Jika aku buku maukah kau menjadi
pembatasnya?
Jika aku angin sore maukah kau menjadi
senja?
Jika aku pisau tajam akankah kau
pengasahnya?
Katakan ya. Aku tak ingin mendengar
tidak.
Katakan ya jika tak ingin aku murka.
Jika aku jerawat dan kau komedo
mungkin kita bisa bersahabat
Jika aku Emerald Pez kau harus jadi
Peter Folks
Kau bilang aku tak bisa diam tapi kau
yang membuatku tak diam
Kau bilang aku mengganggu tapi kau pantas diganggu.
Maka kemarilah aku ingin bisikkan
sesuatu.
Who am I, without you?
Gasta
menghentikan harmonikanya. Dia memandang Sadira yang masih saja bernyanyi dan
bergoyang-goyang di sebelahnya. Sadira menciptakan suara simbal dari
desisannya, memukul paha nya sebagai pengganti drum, dan kadang pura-pura
menyodorkan mic ke penonton. Sadira sesekali memandang Gasta sekilas sebagai
afirmasi atas ke sok-asikannya. Gasta menatapnya dengan mata yang berbinar.
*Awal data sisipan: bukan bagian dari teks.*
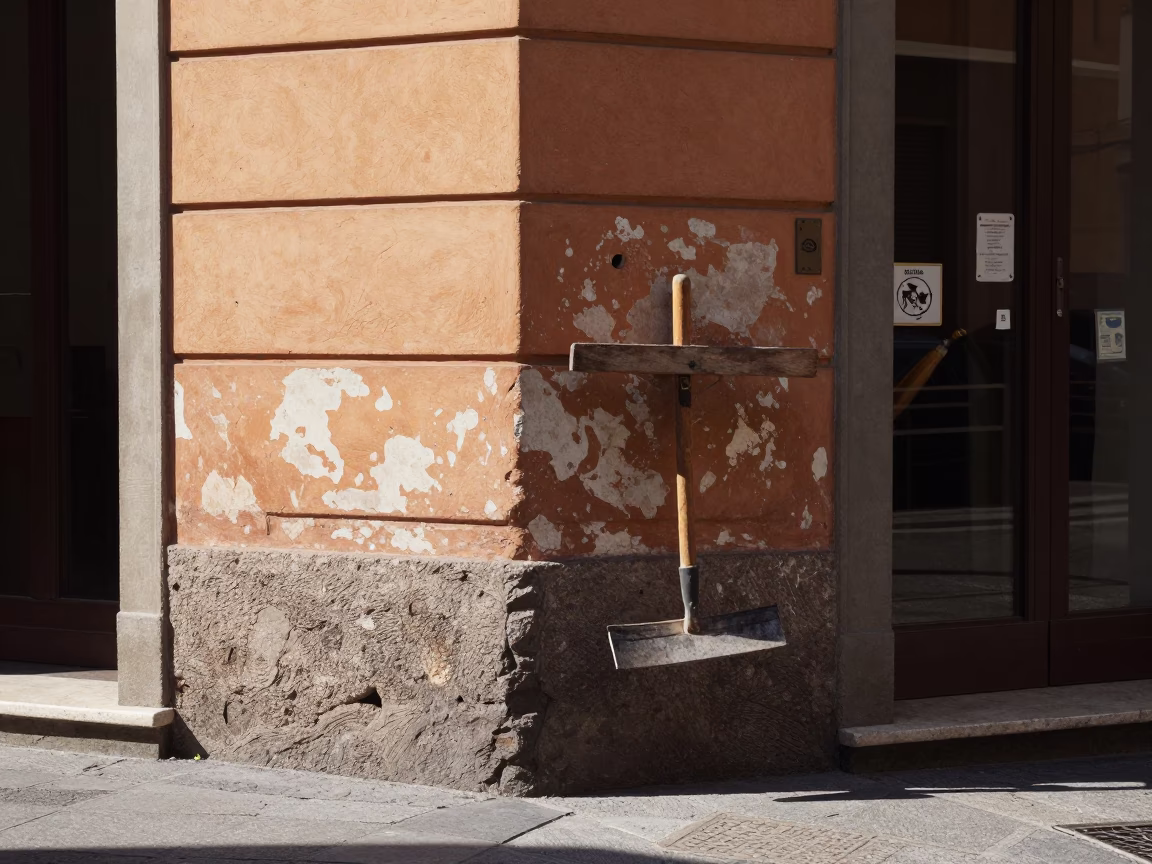 Street Corner in Bologna in in Bologna, Italy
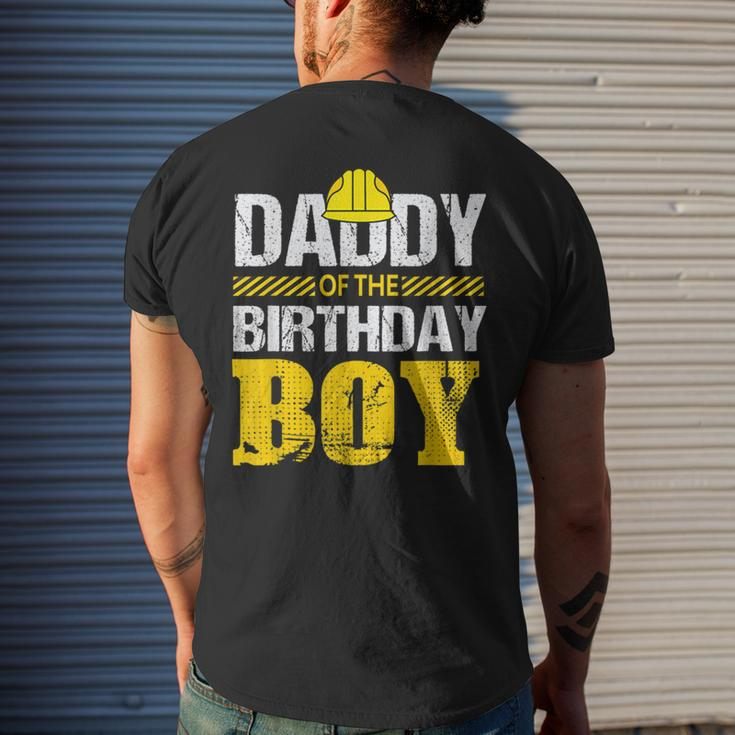 Daddy Of The Birthday Boy Construction Family Matching Men's Back Print T-shirt Gifts for Him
Tangan kanannya merangkul Sadira lalu membekap mulut wanita itu. “Suara mu buruk. Tapi aku cinta padamu.”
***
Alia
bolak-balik melihat jam. Seharian ini dia gelisah karena dari pagi Sadira
meminta izin untuk pergi dengan lelaki itu. Satu persatu pengunjung bergantian
pulang. Ini sudah sore, dan langit mulai gelap. Alia mulai membereskan kedai.
Dia merapikan beberapa buku, mencuci gelas, dan memasukkan bahan makanan ke
dalam kulkas dengan mata yang terus saja mengarah keluar. Kemana Sadira?
“Alia, aku
pulang dulu ya. Oh ya, aku tak melihat dia seharian ini. Kemana Sadira?”
seorang pengunjung bertanya. Alia menjawab dengan gelengan. Kini pengunjung
terakhir telah pulang.
Kini di
rumah itu hanya ada dirinya. Alia membenamkan dirinya di atas kursi sambil
berkeluh panjang. Entah sudah keberapa kalinya dia melihat jam. Dia bangkit
dari tempatnya dan mengganti papan open
di kaca menjadi close. Alia
melangkahkan kakinya ke dalam rumah. Tiba-tiba dia teringat sesuatu. Dia
membalikkan badan, matanya mengarah pada rumah pohon. Dia memandang rumah pohon
dan pagar utama bergantian memastikan bahwa Sadira belum datang. Dengan cepat
Alia pergi menuju rumah pohon. Dia ingin mencari sesuatu. Dan berharap
mendapatkan sesuatu. Dengan kaki gemetar, dia menaiki setiap anak tangga dengan
penuh doa. Sungguh Alia harus diberi apresiasi besar atas usahanya melawan rasa
takut dengan ketinggian.
Dia masuk
ke dalam rumah pohon. Mengamati beberapa barang yang tak pernah dilihatnya. Karena
memang inilah tempat yang jarang dia kunjungi.
Sebuah
toples berisi kerikil berwarna warni
yang di dalamnya berisi sebuah kertas yang digulung menghiasi salah satu sudut
meja. Alia membukanya. Ternyata sebuah surat yang pernah Ayah sadira berikan
sebelum meninggal. Salah satu kalimat telah dilingkari.
Aku beritahukan
sebuah rahasia: Perpisahan tak akan menyakitkan jika pertemuannya diawali
ketika menutup mata.
Sebuah
kalimat yang sepertinya penuh makna tapi tak dipahaminya. Alia menggulungnya
kembali dan memasukkannya dengan rapi. Dia menuju tempat tidur, Alia menemukan
sebuah foto perempuan tua sedang mengenakan gaun putih selutut dengan rambut
yang disanggul. Wanita tua ini sedang berpelukan dengan dua anak perempuan.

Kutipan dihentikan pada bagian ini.